What is being asked: Every line in the data below from the one containing "Kali Kholi Duj" down to the one containing "新人教版小学三年级第二学期数学期中试卷.docx_第3页", both included, must be retyped exactly; no other line is to appear.

Source data:
::::::::::
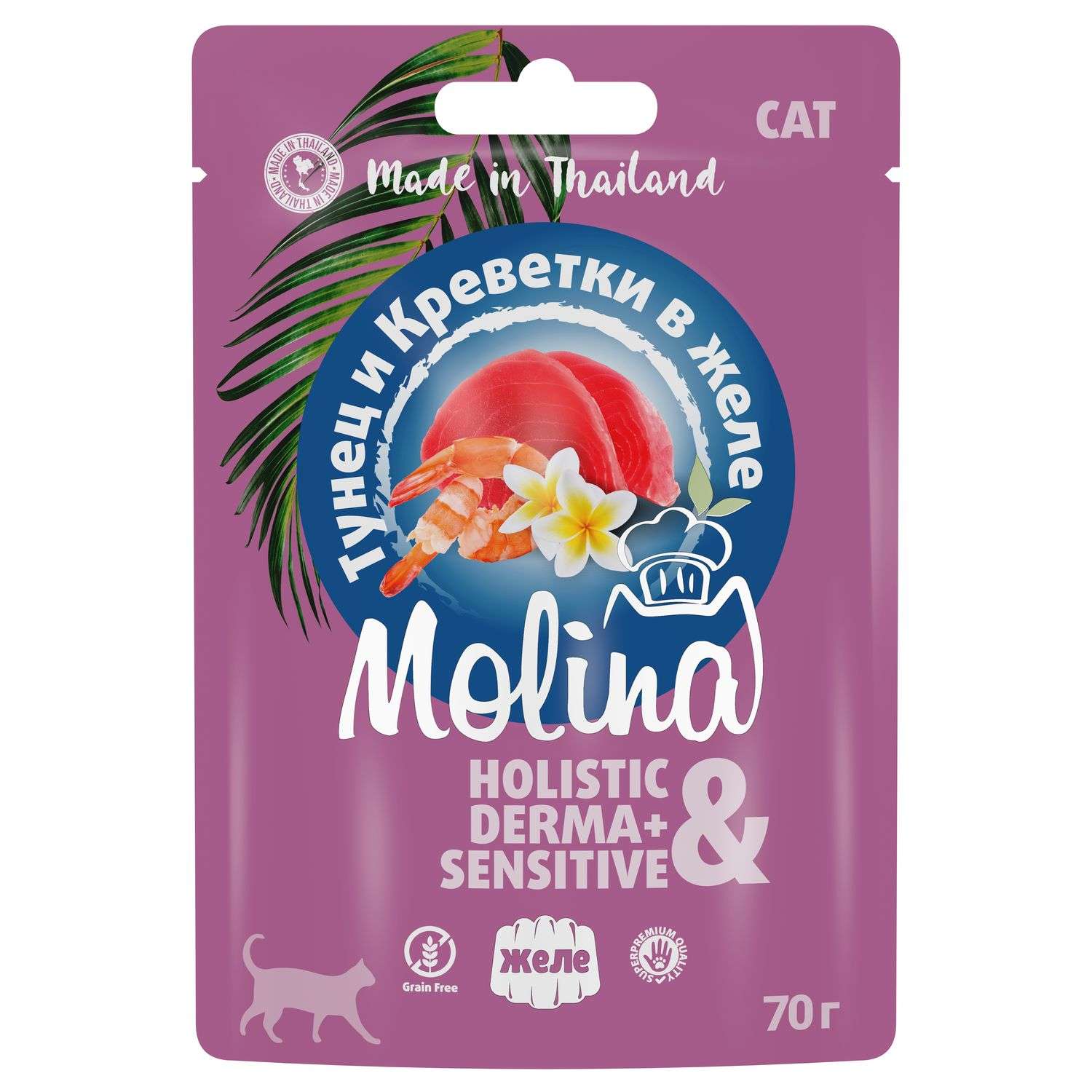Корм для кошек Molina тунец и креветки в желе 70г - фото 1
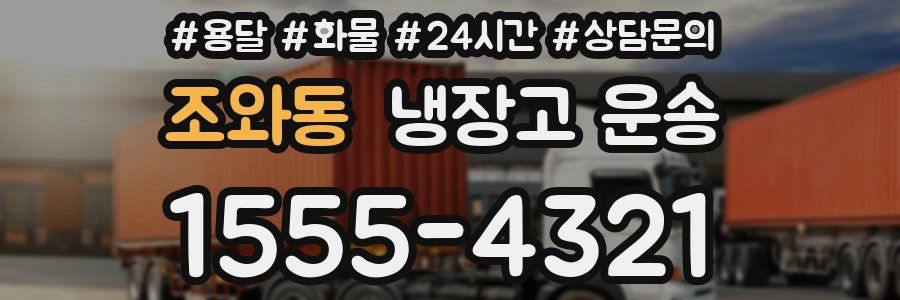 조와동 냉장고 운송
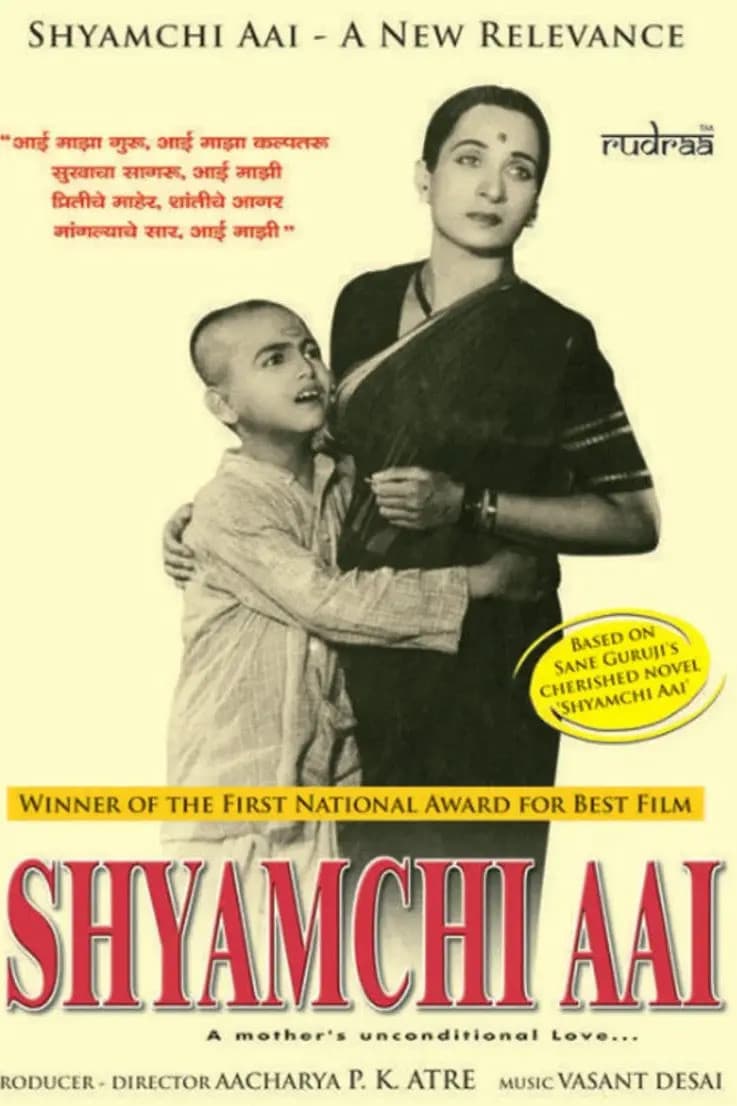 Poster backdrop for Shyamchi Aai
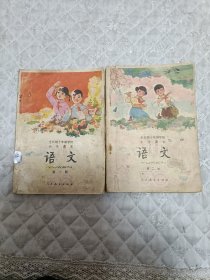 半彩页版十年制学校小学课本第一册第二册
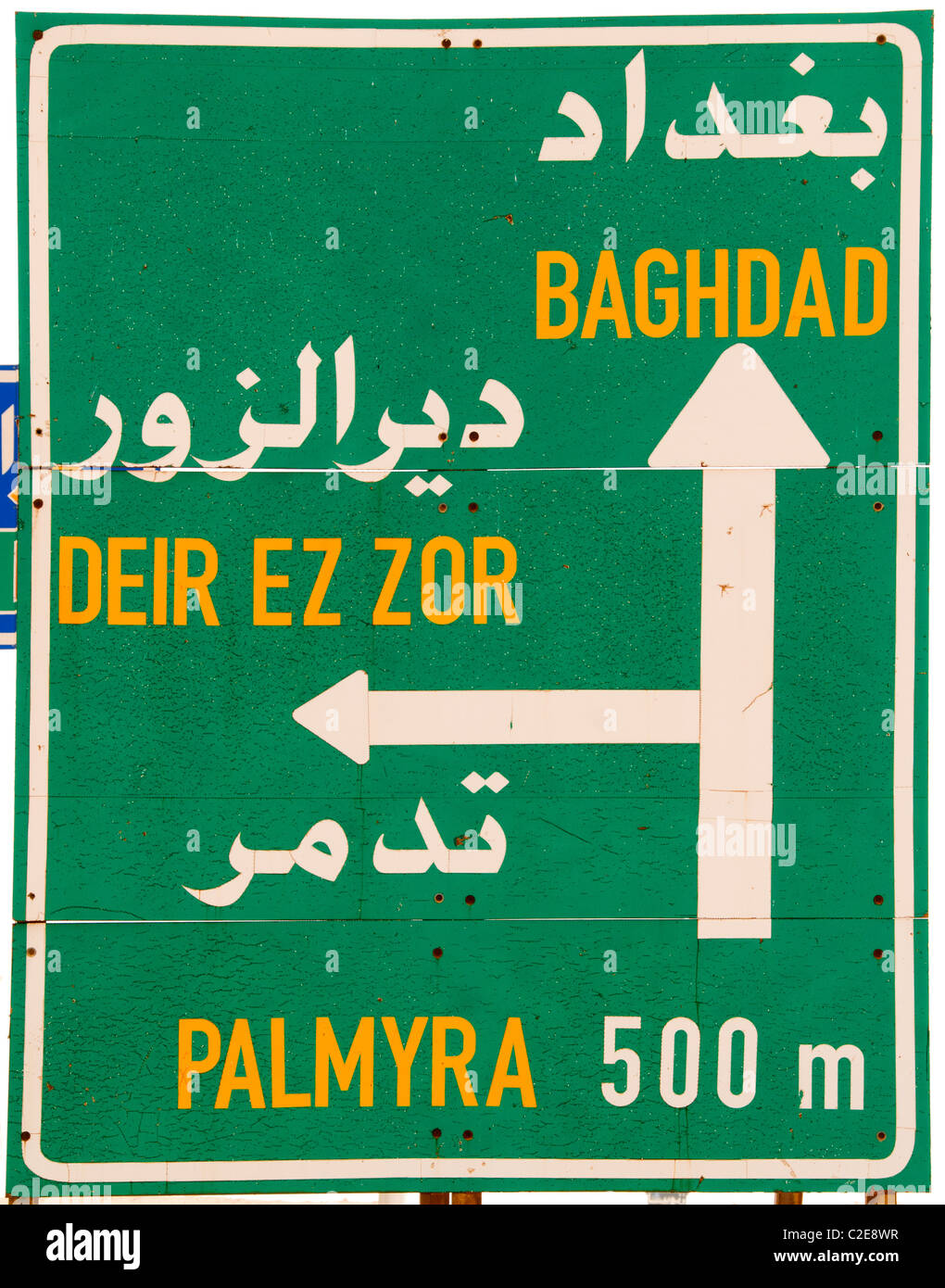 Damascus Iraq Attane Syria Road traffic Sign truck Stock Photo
::::::::::
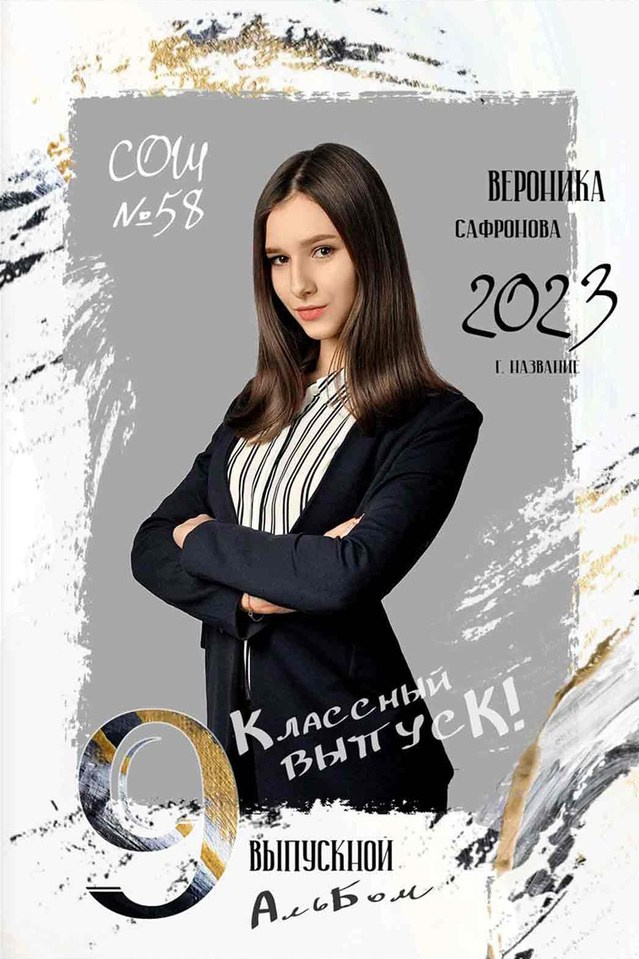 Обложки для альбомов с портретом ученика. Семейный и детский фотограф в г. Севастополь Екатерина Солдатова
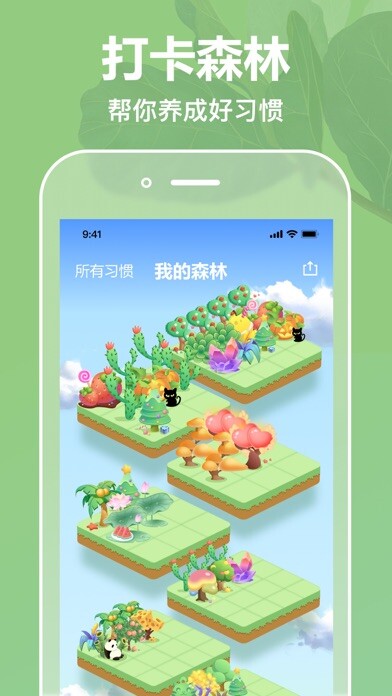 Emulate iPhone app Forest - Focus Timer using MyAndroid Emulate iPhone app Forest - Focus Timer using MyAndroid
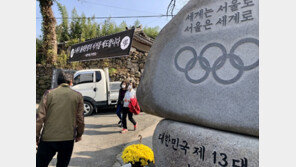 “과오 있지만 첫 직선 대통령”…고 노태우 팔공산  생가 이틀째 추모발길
::::::::::
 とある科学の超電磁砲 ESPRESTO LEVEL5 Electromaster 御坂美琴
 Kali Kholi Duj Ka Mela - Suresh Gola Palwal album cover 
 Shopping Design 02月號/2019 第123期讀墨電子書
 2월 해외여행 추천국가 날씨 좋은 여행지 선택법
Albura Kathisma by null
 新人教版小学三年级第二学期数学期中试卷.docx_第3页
::::::::::
Answer space:
 Kali Kholi Duj Ka Mela - Suresh Gola Palwal album cover 
 Shopping Design 02月號/2019 第123期讀墨電子書
 2월 해외여행 추천국가 날씨 좋은 여행지 선택법
Albura Kathisma by null
 新人教版小学三年级第二学期数学期中试卷.docx_第3页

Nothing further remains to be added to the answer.